ISBN-13: 9781493509478 / Angielski / Miękka / 2015 / 298 str.
In 1908, a series of newspaper reports brought scandal and disgrace to well-known New York social and civic icon Henry Sanger Snow, who had turned to embezzlement in the wake of the Great Panic stock market crash of 1907.
Rather than surrender to the police, Snow abandoned his wife, children, and even his identity, fleeing to Caracas, Venezuela, just days before fear of plague closed the port. It was the beginning of thirty-seven years of duplicity and deceit.

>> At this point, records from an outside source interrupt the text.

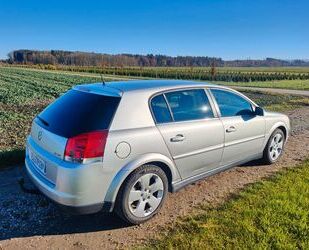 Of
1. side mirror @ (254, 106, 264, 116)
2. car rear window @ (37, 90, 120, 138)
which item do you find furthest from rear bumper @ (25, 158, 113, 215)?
side mirror @ (254, 106, 264, 116)

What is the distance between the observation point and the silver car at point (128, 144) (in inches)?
129

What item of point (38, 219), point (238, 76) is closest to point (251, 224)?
point (38, 219)

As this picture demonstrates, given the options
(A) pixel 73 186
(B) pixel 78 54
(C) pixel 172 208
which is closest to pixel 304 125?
(C) pixel 172 208

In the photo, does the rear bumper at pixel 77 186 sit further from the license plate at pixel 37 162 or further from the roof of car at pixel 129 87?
the roof of car at pixel 129 87

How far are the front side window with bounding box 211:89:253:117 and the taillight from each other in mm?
A: 2068

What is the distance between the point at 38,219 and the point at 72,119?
4.10ft

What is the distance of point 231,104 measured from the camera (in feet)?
16.4

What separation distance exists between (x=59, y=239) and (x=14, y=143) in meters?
3.92

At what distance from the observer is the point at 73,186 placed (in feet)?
10.5

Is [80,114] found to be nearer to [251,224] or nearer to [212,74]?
[251,224]

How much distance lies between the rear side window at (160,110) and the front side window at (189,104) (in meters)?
0.09

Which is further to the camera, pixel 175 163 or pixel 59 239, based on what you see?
pixel 175 163

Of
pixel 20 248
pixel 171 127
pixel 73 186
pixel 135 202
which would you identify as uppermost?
pixel 171 127

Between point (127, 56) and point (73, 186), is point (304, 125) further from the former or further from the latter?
point (127, 56) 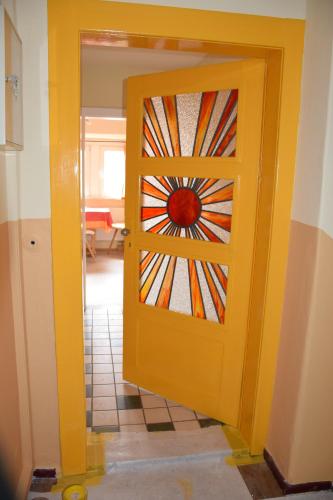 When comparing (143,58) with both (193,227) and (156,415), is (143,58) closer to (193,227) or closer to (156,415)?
(193,227)

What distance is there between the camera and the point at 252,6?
1.76m

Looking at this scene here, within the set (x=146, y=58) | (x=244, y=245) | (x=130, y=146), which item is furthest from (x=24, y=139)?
(x=146, y=58)

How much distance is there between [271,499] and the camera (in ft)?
6.34

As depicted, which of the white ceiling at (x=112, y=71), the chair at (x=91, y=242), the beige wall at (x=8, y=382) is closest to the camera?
the beige wall at (x=8, y=382)

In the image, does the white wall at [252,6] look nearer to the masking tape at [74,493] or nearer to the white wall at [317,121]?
the white wall at [317,121]

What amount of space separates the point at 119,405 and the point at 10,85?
6.33 feet

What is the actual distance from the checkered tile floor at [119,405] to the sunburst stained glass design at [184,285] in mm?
622

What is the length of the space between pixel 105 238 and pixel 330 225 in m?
5.86

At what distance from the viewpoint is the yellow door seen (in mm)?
2174

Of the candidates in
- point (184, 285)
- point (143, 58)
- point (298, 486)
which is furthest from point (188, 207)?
point (143, 58)

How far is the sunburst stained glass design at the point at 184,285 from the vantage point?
2.35m

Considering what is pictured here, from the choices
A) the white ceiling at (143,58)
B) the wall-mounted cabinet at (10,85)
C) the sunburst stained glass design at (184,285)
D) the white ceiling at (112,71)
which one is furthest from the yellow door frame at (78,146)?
the white ceiling at (112,71)

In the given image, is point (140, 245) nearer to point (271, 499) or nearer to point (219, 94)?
point (219, 94)

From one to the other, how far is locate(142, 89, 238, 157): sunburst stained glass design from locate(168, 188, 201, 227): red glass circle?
225 mm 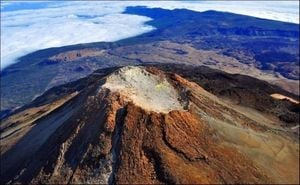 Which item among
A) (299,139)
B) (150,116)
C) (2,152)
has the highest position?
(150,116)

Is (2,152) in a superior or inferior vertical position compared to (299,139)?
inferior

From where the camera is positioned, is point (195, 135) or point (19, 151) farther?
point (19, 151)

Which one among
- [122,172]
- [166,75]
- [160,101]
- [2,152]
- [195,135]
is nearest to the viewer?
[122,172]

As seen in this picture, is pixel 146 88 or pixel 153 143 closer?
A: pixel 153 143

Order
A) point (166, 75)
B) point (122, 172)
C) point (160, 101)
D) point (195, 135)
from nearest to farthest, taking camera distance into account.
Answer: point (122, 172), point (195, 135), point (160, 101), point (166, 75)

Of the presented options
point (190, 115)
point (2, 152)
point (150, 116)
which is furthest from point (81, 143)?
point (2, 152)

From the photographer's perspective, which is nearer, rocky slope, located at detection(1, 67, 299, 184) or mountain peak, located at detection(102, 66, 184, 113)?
rocky slope, located at detection(1, 67, 299, 184)

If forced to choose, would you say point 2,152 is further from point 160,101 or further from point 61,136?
point 160,101

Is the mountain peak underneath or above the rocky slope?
above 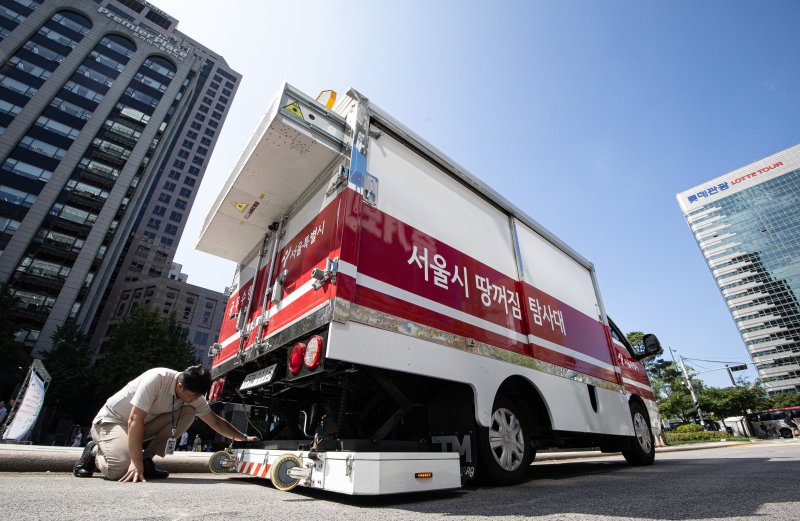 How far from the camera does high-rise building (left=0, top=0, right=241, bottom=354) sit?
33.2 metres

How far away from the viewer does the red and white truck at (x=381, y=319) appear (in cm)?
258

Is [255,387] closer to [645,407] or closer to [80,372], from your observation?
[645,407]

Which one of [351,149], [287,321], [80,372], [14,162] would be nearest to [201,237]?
[287,321]

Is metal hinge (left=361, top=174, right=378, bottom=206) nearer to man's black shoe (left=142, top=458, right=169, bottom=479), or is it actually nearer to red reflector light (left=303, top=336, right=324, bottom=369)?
red reflector light (left=303, top=336, right=324, bottom=369)

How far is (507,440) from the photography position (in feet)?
11.1

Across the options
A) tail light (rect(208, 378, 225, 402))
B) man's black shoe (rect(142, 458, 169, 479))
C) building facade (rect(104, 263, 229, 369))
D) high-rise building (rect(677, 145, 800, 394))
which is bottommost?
man's black shoe (rect(142, 458, 169, 479))

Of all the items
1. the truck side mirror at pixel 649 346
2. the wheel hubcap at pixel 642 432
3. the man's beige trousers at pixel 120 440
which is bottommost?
the man's beige trousers at pixel 120 440

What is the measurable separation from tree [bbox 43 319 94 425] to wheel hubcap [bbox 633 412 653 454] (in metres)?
26.1

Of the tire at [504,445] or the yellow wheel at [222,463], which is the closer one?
the tire at [504,445]

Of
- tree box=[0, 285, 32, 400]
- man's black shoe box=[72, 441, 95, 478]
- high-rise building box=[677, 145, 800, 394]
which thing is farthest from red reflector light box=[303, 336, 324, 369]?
high-rise building box=[677, 145, 800, 394]

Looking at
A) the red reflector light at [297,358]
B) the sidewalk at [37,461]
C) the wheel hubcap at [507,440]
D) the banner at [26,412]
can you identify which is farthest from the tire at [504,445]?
the banner at [26,412]

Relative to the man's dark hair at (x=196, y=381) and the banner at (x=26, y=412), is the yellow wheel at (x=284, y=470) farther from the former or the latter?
the banner at (x=26, y=412)

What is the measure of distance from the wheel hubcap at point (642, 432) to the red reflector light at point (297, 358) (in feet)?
18.5

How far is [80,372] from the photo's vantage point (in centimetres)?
2064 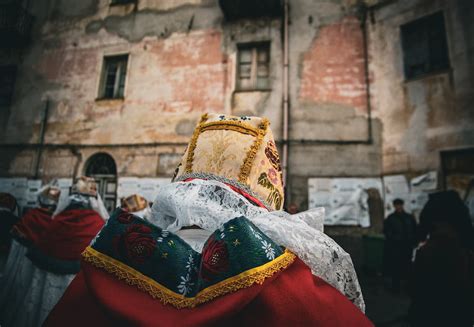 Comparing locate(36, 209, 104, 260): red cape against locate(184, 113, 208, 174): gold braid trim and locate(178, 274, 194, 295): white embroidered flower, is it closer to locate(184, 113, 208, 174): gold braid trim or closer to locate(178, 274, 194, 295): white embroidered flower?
locate(184, 113, 208, 174): gold braid trim

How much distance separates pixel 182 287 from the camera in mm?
873

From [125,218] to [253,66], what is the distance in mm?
8435

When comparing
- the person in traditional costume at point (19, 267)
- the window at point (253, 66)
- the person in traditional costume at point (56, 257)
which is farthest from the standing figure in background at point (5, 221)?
the window at point (253, 66)

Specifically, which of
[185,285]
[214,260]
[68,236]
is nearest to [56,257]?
[68,236]

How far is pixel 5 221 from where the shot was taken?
452 cm

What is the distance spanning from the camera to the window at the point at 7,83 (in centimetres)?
1072

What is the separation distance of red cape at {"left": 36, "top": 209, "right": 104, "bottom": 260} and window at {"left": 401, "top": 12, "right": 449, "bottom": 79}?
8.40 m

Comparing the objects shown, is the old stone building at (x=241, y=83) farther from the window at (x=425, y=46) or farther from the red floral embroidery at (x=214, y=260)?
the red floral embroidery at (x=214, y=260)

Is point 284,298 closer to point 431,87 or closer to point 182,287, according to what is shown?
point 182,287

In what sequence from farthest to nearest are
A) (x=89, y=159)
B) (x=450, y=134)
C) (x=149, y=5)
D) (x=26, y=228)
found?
(x=149, y=5)
(x=89, y=159)
(x=450, y=134)
(x=26, y=228)

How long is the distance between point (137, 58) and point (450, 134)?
31.6 feet

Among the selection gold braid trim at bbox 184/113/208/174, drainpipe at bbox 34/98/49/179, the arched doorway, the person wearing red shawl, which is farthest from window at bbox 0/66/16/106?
gold braid trim at bbox 184/113/208/174

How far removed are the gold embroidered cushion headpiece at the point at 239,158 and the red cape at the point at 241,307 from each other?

En route to Venezuela, Snow assumed the name of Clark, claiming to represent wealthy northeastern US businessmen seeking Venezuelan investments. In a country seething with rumors of revolution, foreign investors were hard to find, so Clark was viewed with suspicion.
Clark meddled at will in Venezuelan politics. He befriended US State Department officials, finagling an appointment as deputy consul. He conspired with revolutionaries, engineered the escape of two enemies of the state, and palled around with the dictator known as the Tyrant of the Andes. And he never got caught.
Alerted to Clark's story by the impostor's grandson, Robert Brandt's in-depth investigation into State Department, military, and journalist records reveals the history of the twentieth century's greatest impostor, the man Brandt calls "The Chameleon."